The Midlands-wide 'tap and cap' scheme would enable travellers to take bus, tram and rail journeys under a daily payment cap.
Transport bosses want to launch the scheme next year, and are hoping Chancellor Rishi Sunak will announce the £20 million needed to get it up and running in next week's Budget.
A poll of 800 people in the Black Country found 88 per cent of respondents supportive of the plan, while six people said having a smart ticketing system in place would make them more likely to use public transport.
Meanwhile 83 per cent backed the Midlands Engine Rail plan to modernise the region's rail network, creating space for more than 700 additional train services each day and boosting the movement of freight by rail.
And 92 per cent of respondents supported plans to slash journey times from Birmingham through to local stations including Sandwell, Dudley Port and Wolverhampton.
Jane Stevenson, MP for Wolverhampton North East, said: “For the people of Wolverhampton, investing in a ‘tap and cap’ smart ticketing system really is a no-brainer.
"Not only will it offer safe, seamless and convenient travel, but it will also provide better value for money for commuters that no longer work in an office five days a week.
"This investment, alongside Midlands Engine Rail, will support jobs and bolster our economic recovery."
Jackie Taylor, cabinet member for sustainable transport at Sandwell Council, urged Ministers to "take note" of the "conclusive" results of the poll.
She added: "Despite the challenges of Covid-19, we are in the midst of a climate emergency; these investments will bolster public transport use post-pandemic and level up our region to empower more people to leave their cars at home.”
Maria Machancoses, director of Midlands Connect, said the poll showed that "local people value investment in public transport".

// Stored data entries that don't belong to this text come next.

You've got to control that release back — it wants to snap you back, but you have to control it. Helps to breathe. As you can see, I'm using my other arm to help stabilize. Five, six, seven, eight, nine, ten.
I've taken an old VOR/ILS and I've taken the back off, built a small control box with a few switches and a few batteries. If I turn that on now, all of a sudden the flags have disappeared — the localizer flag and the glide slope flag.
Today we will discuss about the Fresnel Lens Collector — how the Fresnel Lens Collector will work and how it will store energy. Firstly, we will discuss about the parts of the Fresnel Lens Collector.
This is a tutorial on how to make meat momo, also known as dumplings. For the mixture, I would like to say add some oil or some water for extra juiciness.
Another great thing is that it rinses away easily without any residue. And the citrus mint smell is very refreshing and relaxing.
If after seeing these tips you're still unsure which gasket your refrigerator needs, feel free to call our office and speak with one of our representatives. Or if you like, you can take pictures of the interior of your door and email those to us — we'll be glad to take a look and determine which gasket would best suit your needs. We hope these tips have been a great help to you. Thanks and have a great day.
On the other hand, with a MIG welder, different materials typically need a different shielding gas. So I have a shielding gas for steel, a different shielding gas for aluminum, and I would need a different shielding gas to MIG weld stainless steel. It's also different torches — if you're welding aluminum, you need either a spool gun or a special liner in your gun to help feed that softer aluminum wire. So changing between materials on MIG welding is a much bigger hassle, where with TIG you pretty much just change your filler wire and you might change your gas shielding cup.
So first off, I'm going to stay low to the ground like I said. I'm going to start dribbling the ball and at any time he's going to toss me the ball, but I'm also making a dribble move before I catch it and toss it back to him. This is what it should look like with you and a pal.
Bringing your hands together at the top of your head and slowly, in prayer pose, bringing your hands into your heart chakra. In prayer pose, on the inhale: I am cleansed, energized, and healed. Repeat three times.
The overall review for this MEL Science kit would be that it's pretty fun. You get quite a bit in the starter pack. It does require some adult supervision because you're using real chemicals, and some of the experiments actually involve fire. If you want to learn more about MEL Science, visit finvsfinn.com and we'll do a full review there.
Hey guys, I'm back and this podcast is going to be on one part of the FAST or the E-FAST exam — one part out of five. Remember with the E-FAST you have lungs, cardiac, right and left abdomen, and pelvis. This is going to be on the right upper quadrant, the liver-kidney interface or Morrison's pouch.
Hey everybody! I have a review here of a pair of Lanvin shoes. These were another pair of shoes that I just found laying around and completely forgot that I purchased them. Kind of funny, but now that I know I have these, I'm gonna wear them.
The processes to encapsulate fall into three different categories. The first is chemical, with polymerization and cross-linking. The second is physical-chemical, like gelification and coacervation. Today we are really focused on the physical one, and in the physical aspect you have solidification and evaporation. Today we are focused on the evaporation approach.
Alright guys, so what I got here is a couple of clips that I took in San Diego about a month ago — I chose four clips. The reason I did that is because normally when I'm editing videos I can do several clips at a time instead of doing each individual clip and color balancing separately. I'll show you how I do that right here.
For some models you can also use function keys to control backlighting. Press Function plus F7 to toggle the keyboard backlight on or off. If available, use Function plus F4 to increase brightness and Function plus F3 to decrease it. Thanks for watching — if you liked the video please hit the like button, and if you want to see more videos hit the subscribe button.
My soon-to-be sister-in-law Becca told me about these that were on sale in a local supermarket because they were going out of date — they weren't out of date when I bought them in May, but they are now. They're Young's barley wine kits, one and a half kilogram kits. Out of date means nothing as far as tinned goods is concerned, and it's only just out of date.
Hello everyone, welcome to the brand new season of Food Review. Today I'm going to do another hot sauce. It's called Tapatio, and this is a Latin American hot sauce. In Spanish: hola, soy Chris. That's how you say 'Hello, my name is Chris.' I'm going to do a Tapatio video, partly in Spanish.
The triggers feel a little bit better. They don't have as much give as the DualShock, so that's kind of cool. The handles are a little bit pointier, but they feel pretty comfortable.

"As well as having public support, all of the schemes Midlands Connect has submitted to Government this budget are backed by evidence – demonstrating the positive impact they will have on economic, social and environmental outcomes," she added.
"We are confident Government will continue to support our considered, affordable and deliverable vision for a more connected, prosperous and mobile Midlands region.”
West Midlands Mayor Andy Street said the scheme would ensure better value for money for commuters.
The Oyster card scheme was launched in London in 2003 and allows travel on buses, the tube and railways.
The 'tap and cap' scheme forms part of a Midlands Connect submission to the Government on creating a "greener and sustainable" transport network across the region.